══ Information shown
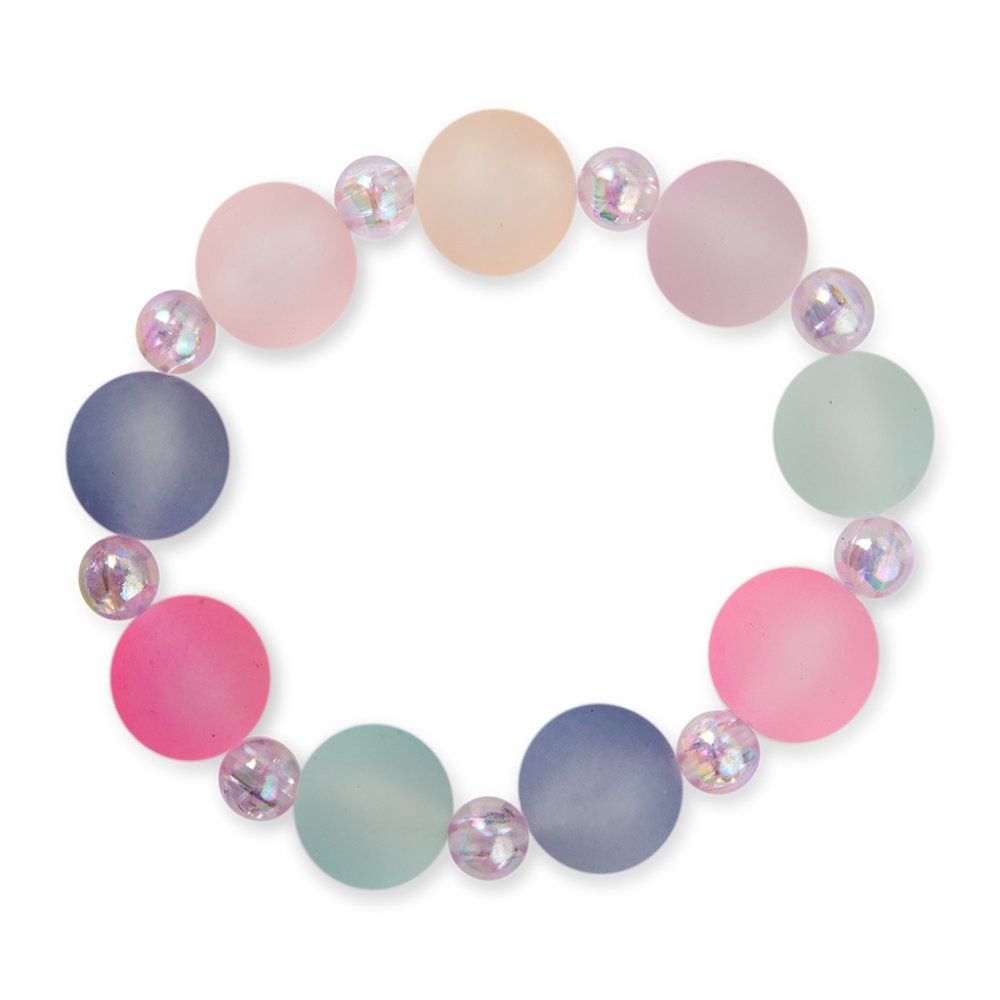 Bracelet Perles Bosselées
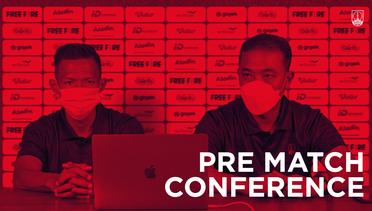 Pre Match Press Conference PERSIS vs PSCS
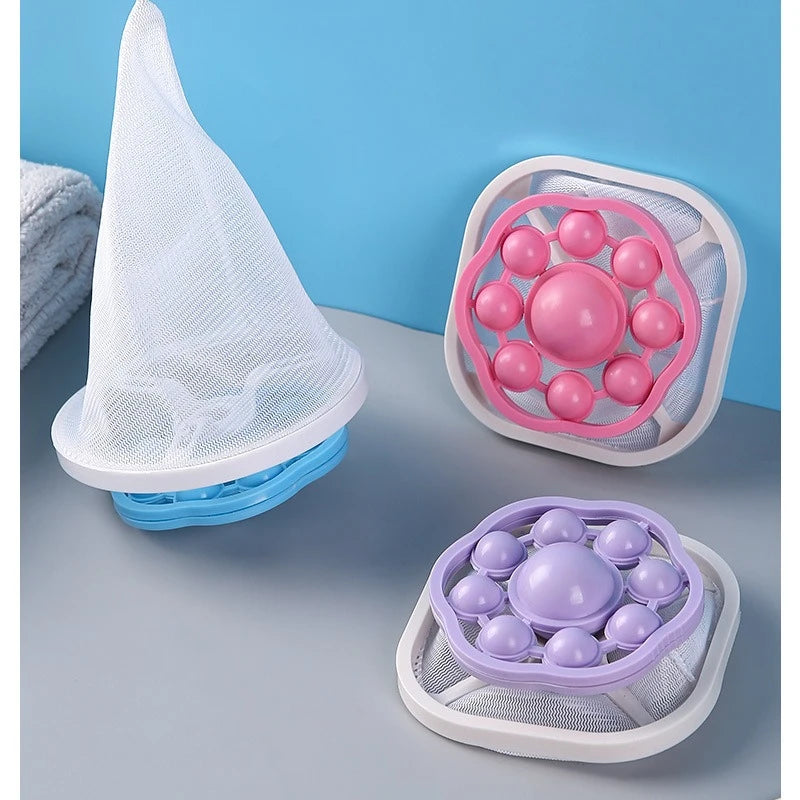 Washing Machine Filter Hair Remover Household Laundry Ball Cleaning Qme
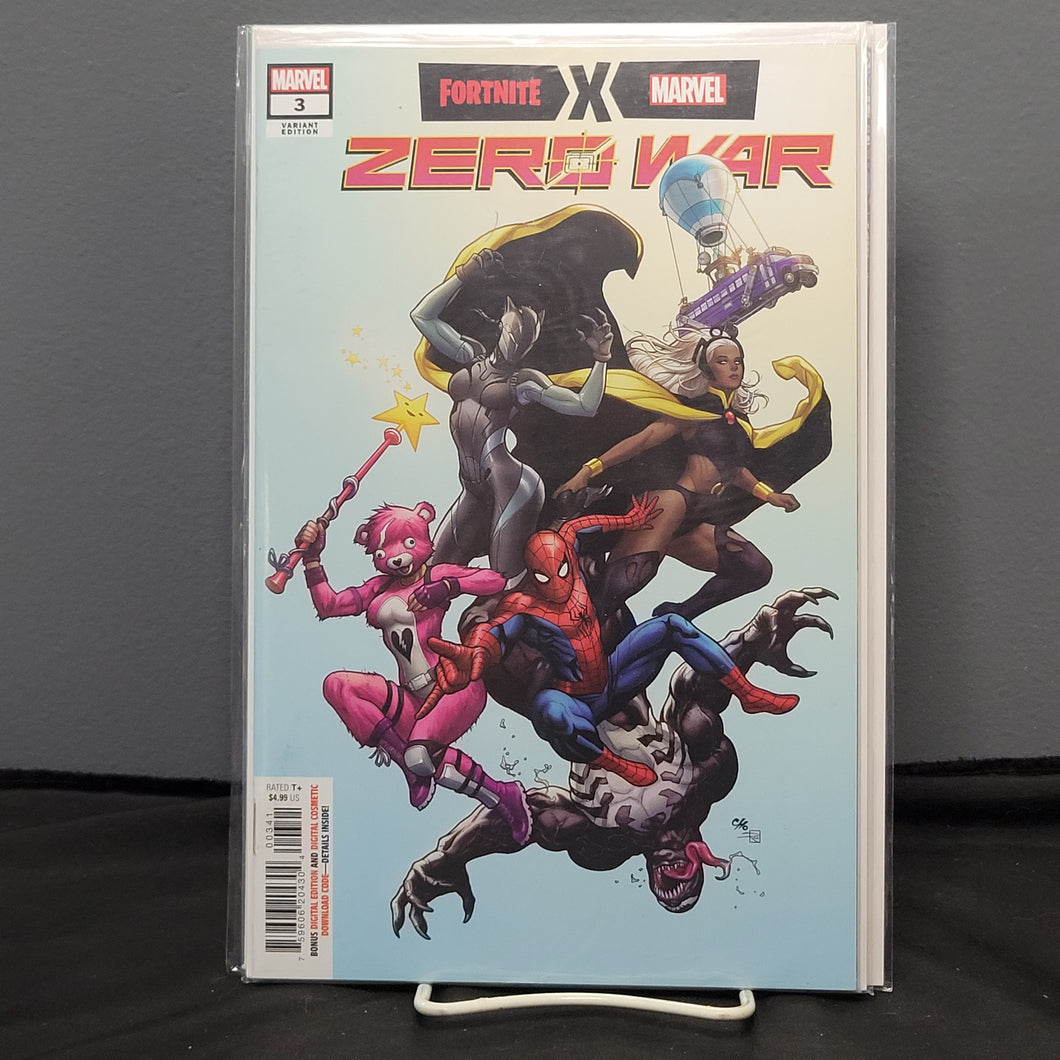Fortnite X Marvel Zero War #3 1:25 Cho Variant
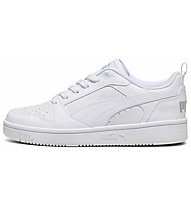 Puma Rebound V6 Lo Jr - Sneakers - Jungs, White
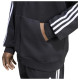 Adidas Ανδρική ζακέτα  3-Stripes French Terry Full-Zip Hoodie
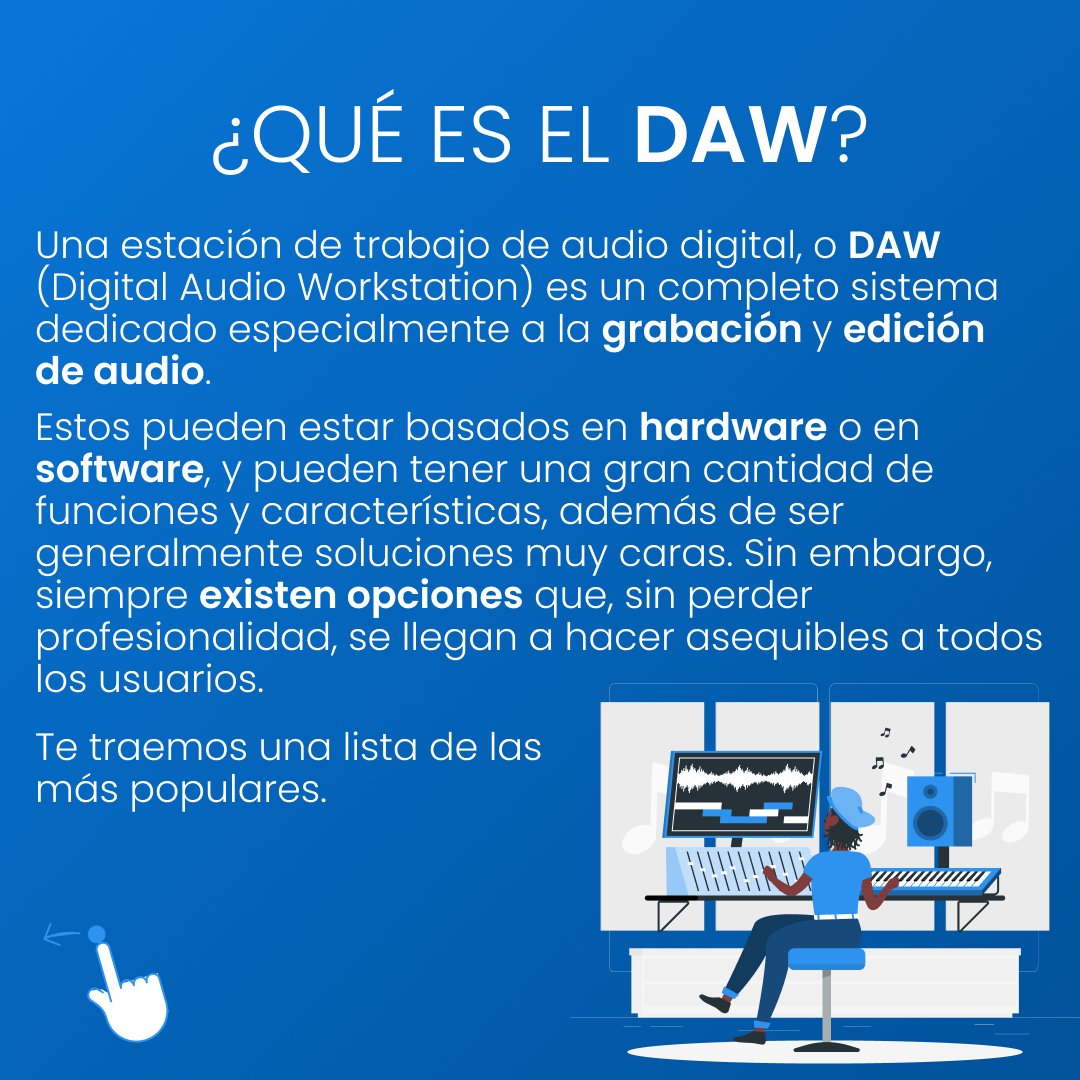 ¿Quieres hacer tu propio HOME STUDIO? 💻🔊

Te traemos estos programas gratuitos para que comiences con el pie derecho ➡

¿Ya los conocías?
Cuéntanos cual vas a usar, o si conoces otros que te gustaría recomendar 👇

#panama #panamacity #studio #record #recording #amp #consejos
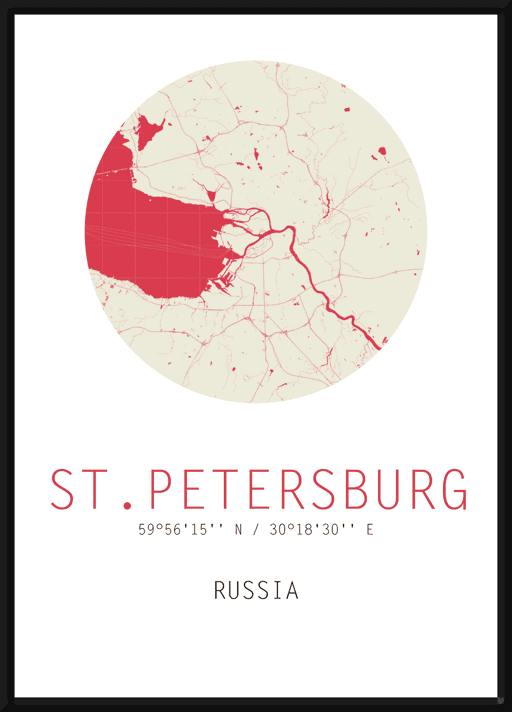 St . Petersburg | 100CitiesNFT #39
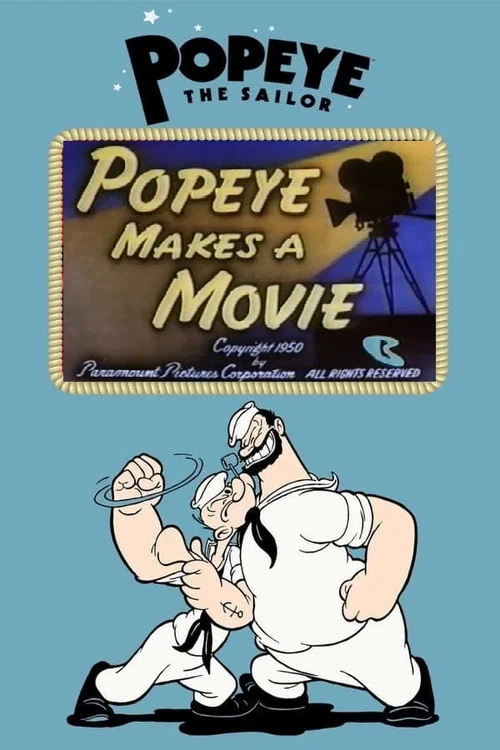 Постер: Popeye Makes a Movie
════
Exact copies of the entries above are needed, without their pictures.

 Bracelet Perles Bosselées
 Pre Match Press Conference PERSIS vs PSCS
 Washing Machine Filter Hair Remover Household Laundry Ball Cleaning Qme
Fortnite X Marvel Zero War #3 1:25 Cho Variant
 Puma Rebound V6 Lo Jr - Sneakers - Jungs, White
 Adidas Ανδρική ζακέτα  3-Stripes French Terry Full-Zip Hoodie
 ¿Quieres hacer tu propio HOME STUDIO? 💻🔊

Te traemos estos programas gratuitos para que comiences con el pie derecho ➡

¿Ya los conocías?
Cuéntanos cual vas a usar, o si conoces otros que te gustaría recomendar 👇

#panama #panamacity #studio #record #recording #amp #consejos
 St . Petersburg | 100CitiesNFT #39
 Постер: Popeye Makes a Movie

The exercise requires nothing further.